My beautiful wife of almost 12 years now. My love for this human being keeps increasing every single day.

My beautiful wife and co-captain in life of over 15 years now. My love for this human being keeps increasing every single day.

I love life.

Being an avid student of life, I think a lot about life and it’s definitions and prevailing beliefs and belief systems, on all levels.

I think every individual should have a continuously questioning curiosity to everything in life, which includes their existing beliefs and values and everything else. A questioning attitude just like scientists have had and use in their reasoning.

I ask again what it means to be a man?

I’ll say it again, it can be difficult to be a man in today’s world. I believe he is torn between two hands. Let me elaborate. You see, every man – every male strives to meet his basic psychological needs.

“And what are these?” I hear you say.

Well, firstly, I believe it is simply to know and be known. If we keep it simple, in addition to this, every man needs to love and be loved.

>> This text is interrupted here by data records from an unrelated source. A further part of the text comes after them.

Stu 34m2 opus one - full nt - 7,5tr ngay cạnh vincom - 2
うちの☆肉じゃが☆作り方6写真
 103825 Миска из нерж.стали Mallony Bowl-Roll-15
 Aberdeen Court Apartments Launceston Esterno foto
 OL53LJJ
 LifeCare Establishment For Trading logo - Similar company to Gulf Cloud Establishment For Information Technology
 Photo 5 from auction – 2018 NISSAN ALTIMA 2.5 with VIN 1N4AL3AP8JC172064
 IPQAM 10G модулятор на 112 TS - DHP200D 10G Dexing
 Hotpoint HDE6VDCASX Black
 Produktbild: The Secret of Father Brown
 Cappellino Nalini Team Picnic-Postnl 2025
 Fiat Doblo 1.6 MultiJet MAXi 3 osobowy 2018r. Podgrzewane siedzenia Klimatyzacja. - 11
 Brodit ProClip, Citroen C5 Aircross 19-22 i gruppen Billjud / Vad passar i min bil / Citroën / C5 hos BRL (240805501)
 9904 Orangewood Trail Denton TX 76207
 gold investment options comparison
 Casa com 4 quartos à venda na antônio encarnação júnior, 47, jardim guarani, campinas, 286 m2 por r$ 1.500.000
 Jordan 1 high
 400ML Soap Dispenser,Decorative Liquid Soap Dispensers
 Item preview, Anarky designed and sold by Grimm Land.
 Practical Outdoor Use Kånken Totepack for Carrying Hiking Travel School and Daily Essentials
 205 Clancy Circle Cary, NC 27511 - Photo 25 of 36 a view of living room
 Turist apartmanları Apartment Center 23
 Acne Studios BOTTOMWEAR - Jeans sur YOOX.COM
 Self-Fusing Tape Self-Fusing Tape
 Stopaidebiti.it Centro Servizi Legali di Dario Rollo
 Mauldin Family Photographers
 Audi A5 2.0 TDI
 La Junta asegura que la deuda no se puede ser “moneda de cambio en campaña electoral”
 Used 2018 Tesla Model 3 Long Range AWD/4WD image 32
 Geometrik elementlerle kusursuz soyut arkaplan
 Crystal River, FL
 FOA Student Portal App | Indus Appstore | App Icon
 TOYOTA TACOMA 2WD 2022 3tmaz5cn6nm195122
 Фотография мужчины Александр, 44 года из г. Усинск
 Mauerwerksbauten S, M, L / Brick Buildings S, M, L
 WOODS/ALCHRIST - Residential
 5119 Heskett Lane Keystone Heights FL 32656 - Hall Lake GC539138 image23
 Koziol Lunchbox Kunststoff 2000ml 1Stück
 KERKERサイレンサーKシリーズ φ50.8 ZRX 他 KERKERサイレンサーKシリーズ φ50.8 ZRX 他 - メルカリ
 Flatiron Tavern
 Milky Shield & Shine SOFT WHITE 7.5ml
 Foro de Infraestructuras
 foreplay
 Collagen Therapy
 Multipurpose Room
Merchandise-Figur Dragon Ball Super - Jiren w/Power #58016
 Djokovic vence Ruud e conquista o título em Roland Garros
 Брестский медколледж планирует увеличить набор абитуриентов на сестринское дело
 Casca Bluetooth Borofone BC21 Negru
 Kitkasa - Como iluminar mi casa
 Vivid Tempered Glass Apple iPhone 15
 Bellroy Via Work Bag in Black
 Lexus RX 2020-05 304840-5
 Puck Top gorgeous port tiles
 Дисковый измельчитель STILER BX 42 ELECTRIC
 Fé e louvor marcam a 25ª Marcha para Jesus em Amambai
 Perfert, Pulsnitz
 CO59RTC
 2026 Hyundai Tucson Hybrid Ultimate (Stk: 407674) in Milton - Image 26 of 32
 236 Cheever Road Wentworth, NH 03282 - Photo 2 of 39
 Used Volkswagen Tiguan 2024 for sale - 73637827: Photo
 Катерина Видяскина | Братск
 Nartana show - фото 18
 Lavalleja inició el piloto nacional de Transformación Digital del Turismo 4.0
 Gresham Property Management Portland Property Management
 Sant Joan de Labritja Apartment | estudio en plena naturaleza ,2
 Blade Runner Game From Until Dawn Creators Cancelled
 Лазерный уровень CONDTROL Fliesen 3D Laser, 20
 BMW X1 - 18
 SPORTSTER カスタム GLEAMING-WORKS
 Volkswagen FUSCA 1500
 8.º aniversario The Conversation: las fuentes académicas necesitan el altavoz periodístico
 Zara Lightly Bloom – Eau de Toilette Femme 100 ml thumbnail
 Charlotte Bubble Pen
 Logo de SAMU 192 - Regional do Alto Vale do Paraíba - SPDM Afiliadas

He also needs other very important psychological needs. By “other”, I believe men need deep caring relationships with other men. If I recall correctly, I think it was one of the disciples (James I think) who said christians should be encouraged to confess their sins to each other and pray for each other … or somewhere along these lines.

What does this mean for us?

Well, I believe it means that every man should have another man who would have their back. What this boils down to is that a man who does not have at least one other man to whom he can be accountable regarding his failures, hurts and temptations is a prime target for masculine anger.

You witness evidence of this erupting in almost all areas of our society – in families, in schools, in workplaces, in communities, in countries and between nations.

The angry man in our society is caught between an unrealistic ideal brain-washed in to him by previous generations. That is all they knew. They knew no better.

Today’s men strive to live up to this “unrealistic mythical masculinity ideal or stereotype” on the one hand and true masculinity on the other.

He feels the pressure to –

  • Achieve
  • Earn
  • Conquer
  • Win

And in a lot of cases, do all these things on his own. Do it at all costs. Costs to his health, his relationships, his family, his community of friends.

… just to live up to these unrealistic expectations society places on him of outdated stereotypes of what it means to be a ‘real man’. But every man has a vulnerable side. Every man is a Mr Vulnerable too where he also feels the need to love and to nurture those he loves and be loved and nurtured by those who loves him.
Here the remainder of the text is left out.